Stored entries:
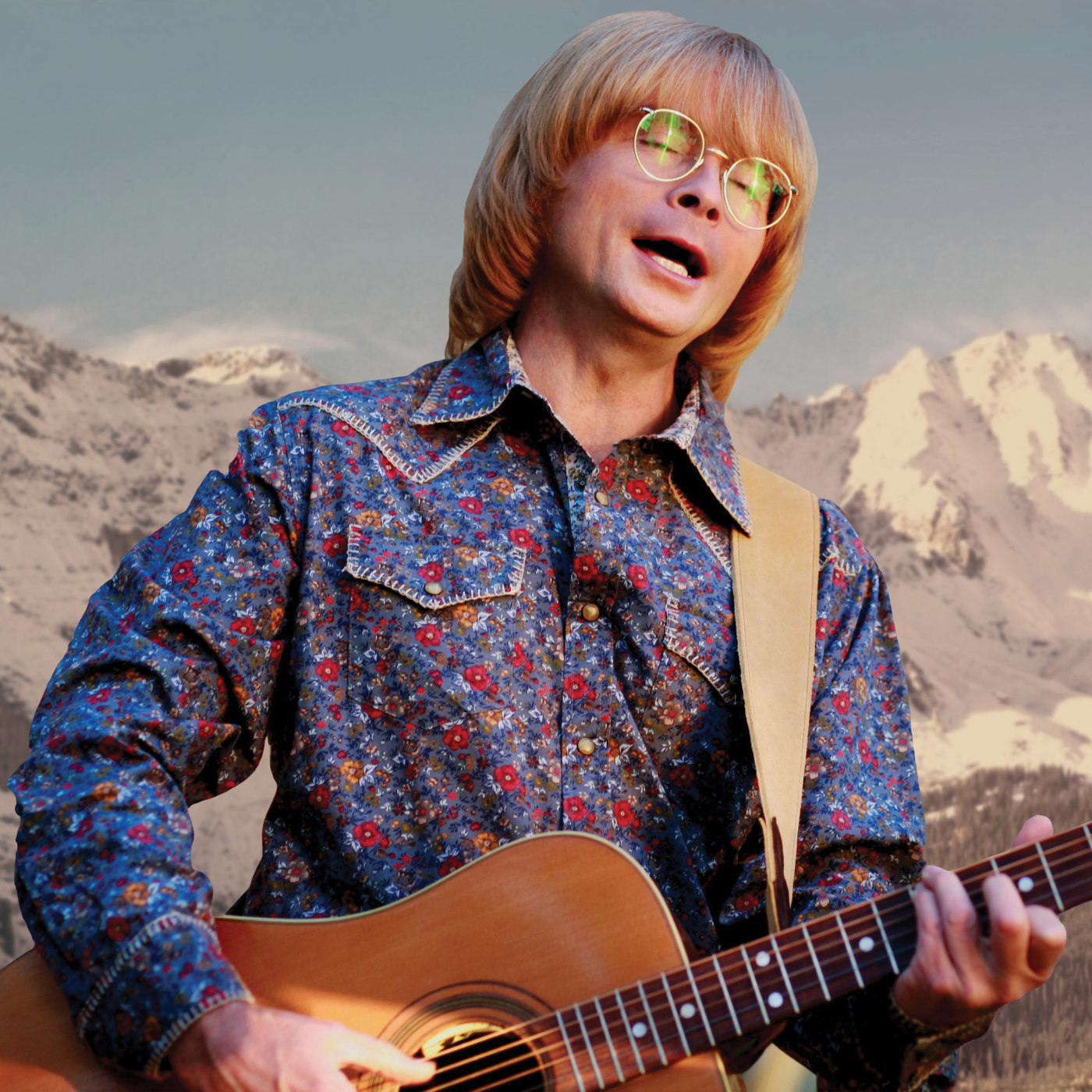 Man in floral shirt playing guitar with Rocky Mountain background 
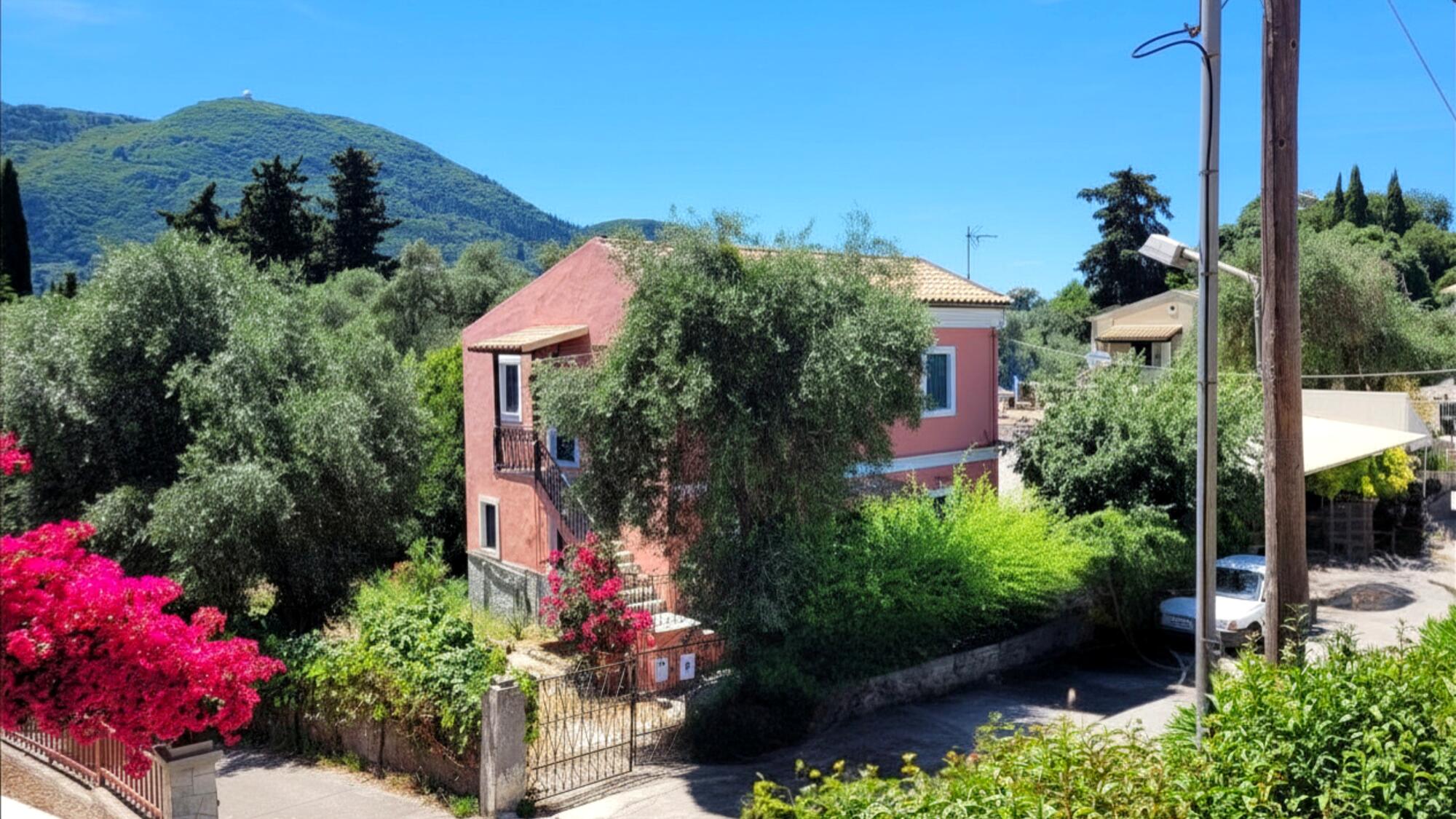 Traditional two-storey house for sale in Gastouri Corfu with spacious garden and courtyard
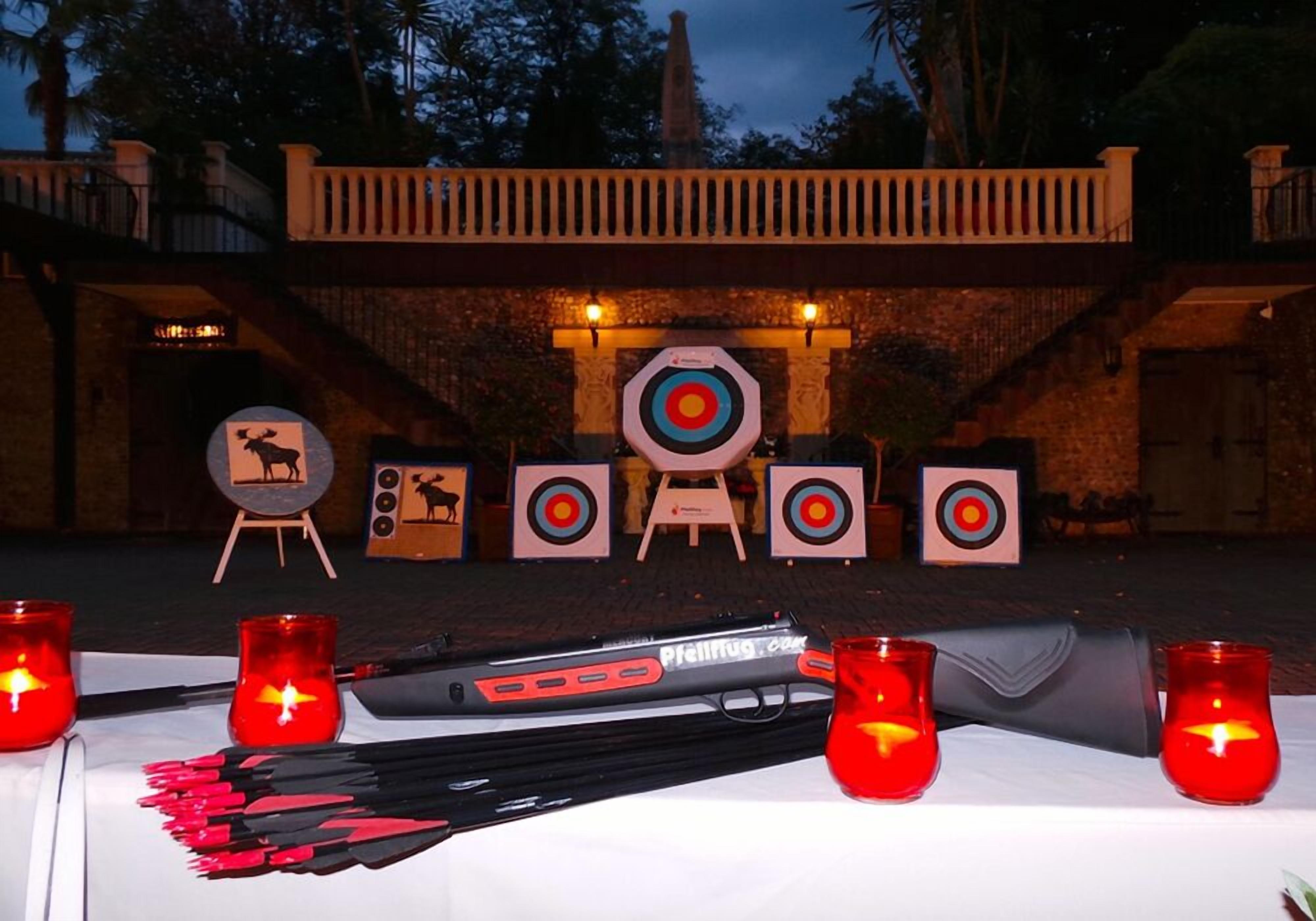 An outdoor archery setup with targets and candles.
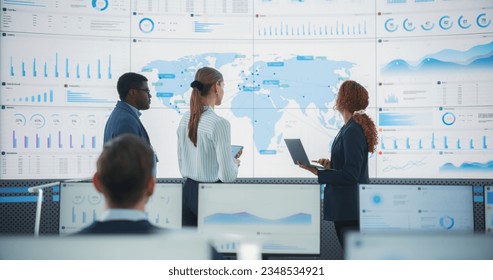 Diverse Team Of Data Science Department Discussing New Markets In Front of Big Digital Screen With World Map In Monitoring Office. Multiethnic Employees Working Behind Computers For Consulting Company - Powered by Shutterstock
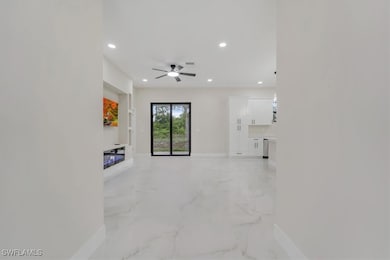 Unfurnished living room featuring light marble fin
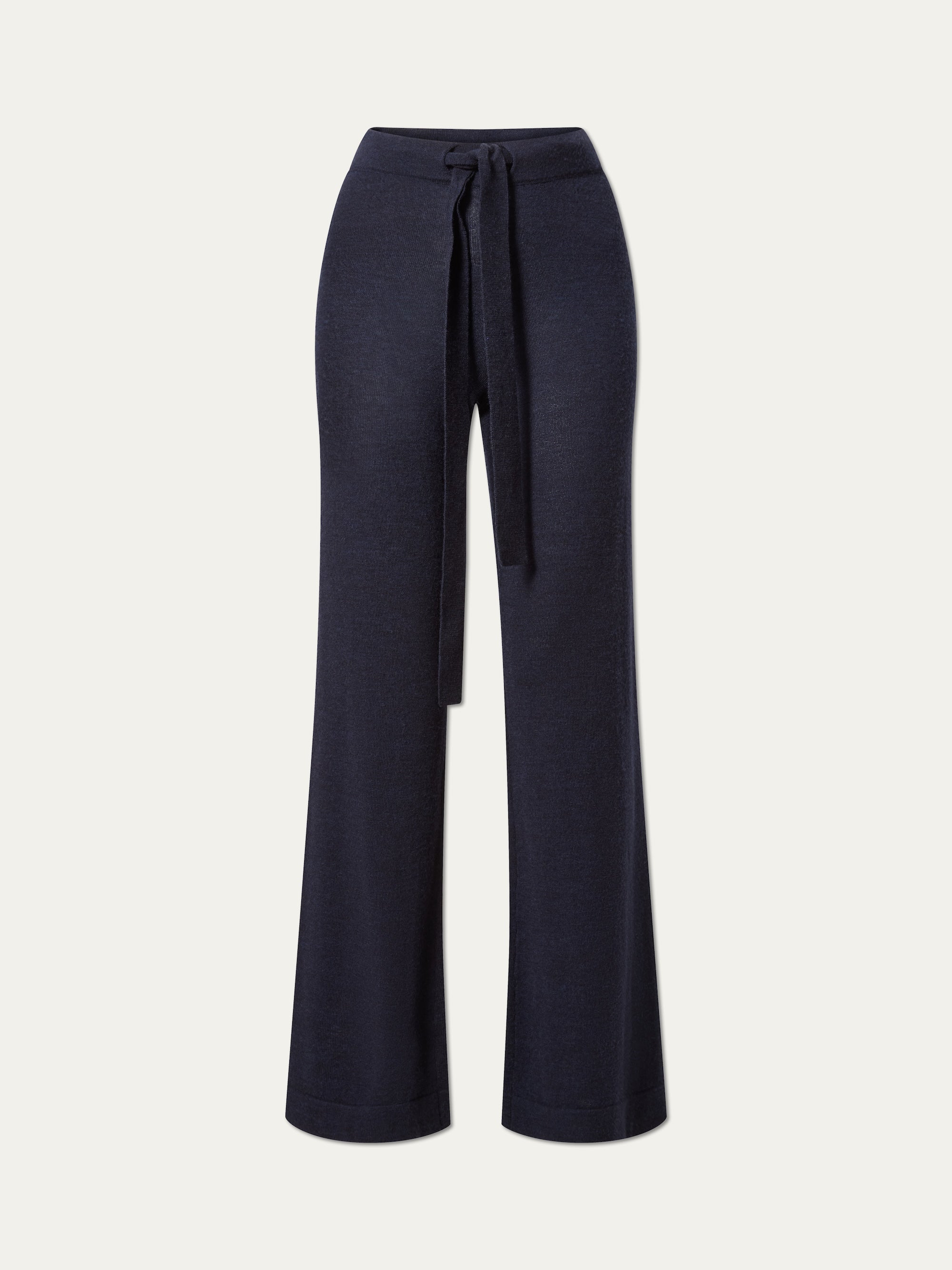 The We Norwegians Geilo Belted Pant Women features wide-leg navy blue 100% merino wool, a high waist, and a matching fabric tie belt, shown on a plain white background.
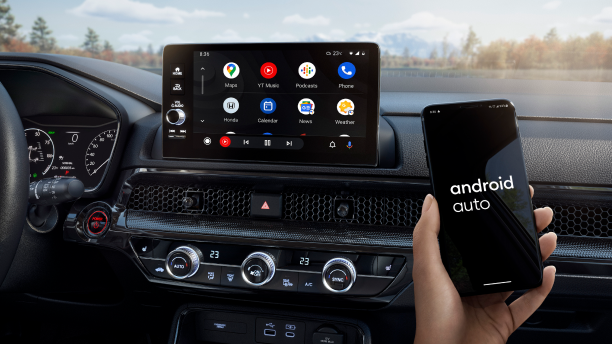 Closeup of touchscreen display. In foreground, a hand holding a smartphone that reads “Android Auto” on screen. Forest backdrop out windshield. 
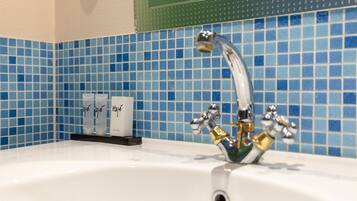 Ein Badezimmer mit einem weißen Waschbecken, einem Chromarmaturen und blauen Mosaikfliesen an der Wand.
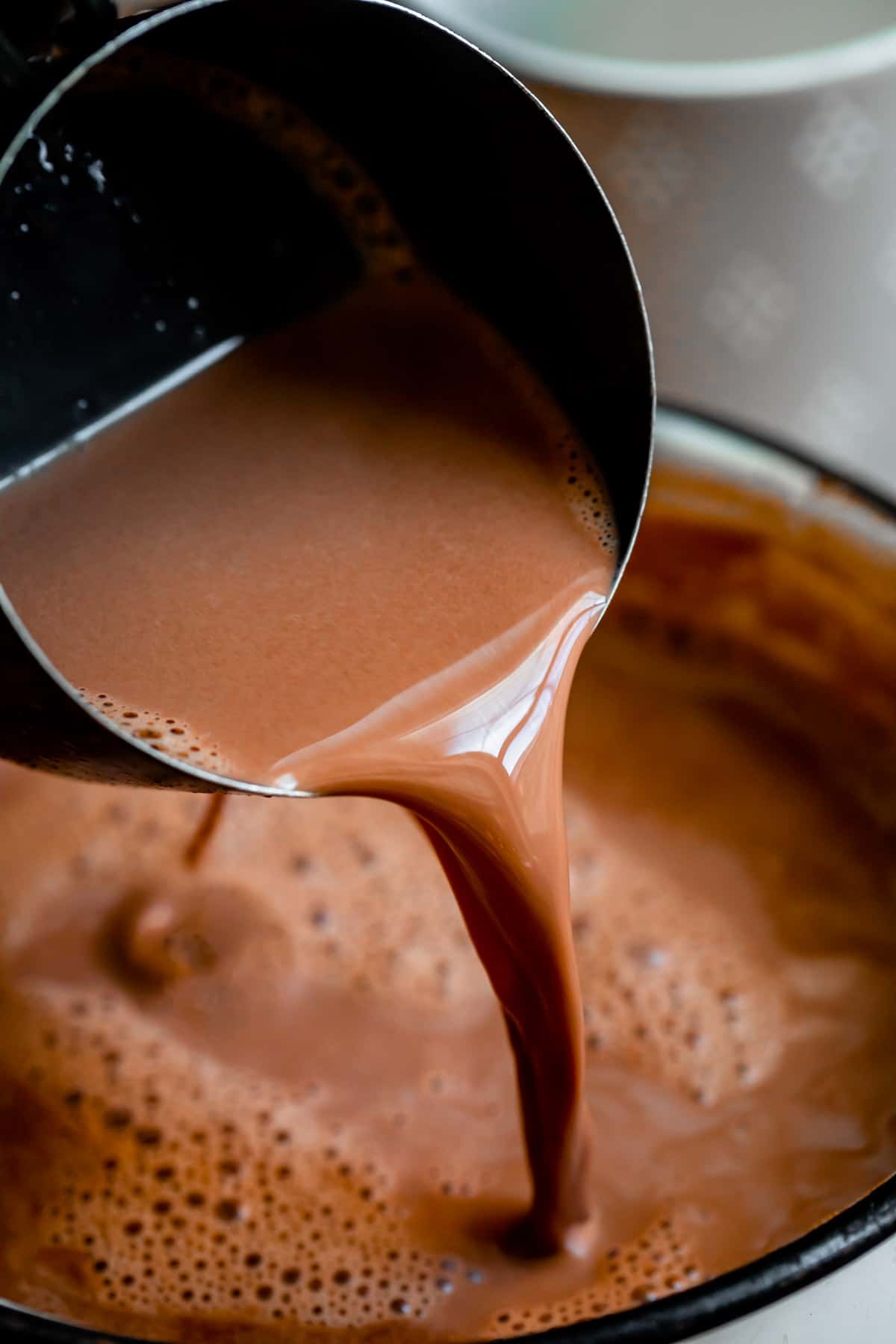 a black measuring cup pouring best hot chocolate into a white pot.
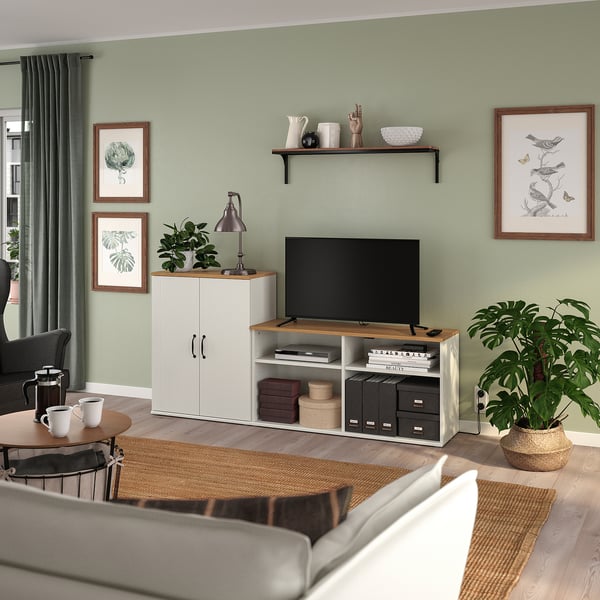Cosy living room with green walls, SKRUVBY tv cabinet, and plants.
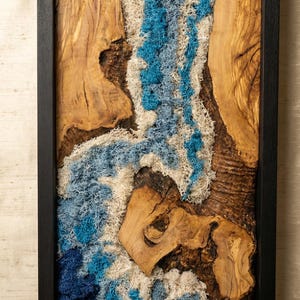 Puede incluir: Arte mural rectangular con marco negro, con base de madera natural. La obra de arte incorpora musgo preservado azul, blanco y azul claro, creando un diseño abstracto texturizado. La veta de la madera añade un elemento natural.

Work order: Please reproduce the entries from above exactly; images are not part of the copy.

Written solution:
 Man in floral shirt playing guitar with Rocky Mountain background 
 Traditional two-storey house for sale in Gastouri Corfu with spacious garden and courtyard
 An outdoor archery setup with targets and candles.
 Diverse Team Of Data Science Department Discussing New Markets In Front of Big Digital Screen With World Map In Monitoring Office. Multiethnic Employees Working Behind Computers For Consulting Company - Powered by Shutterstock
 Unfurnished living room featuring light marble fin
 The We Norwegians Geilo Belted Pant Women features wide-leg navy blue 100% merino wool, a high waist, and a matching fabric tie belt, shown on a plain white background.
 Closeup of touchscreen display. In foreground, a hand holding a smartphone that reads “Android Auto” on screen. Forest backdrop out windshield. 
 Ein Badezimmer mit einem weißen Waschbecken, einem Chromarmaturen und blauen Mosaikfliesen an der Wand.
 a black measuring cup pouring best hot chocolate into a white pot.
Cosy living room with green walls, SKRUVBY tv cabinet, and plants.
 Puede incluir: Arte mural rectangular con marco negro, con base de madera natural. La obra de arte incorpora musgo preservado azul, blanco y azul claro, creando un diseño abstracto texturizado. La veta de la madera añade un elemento natural.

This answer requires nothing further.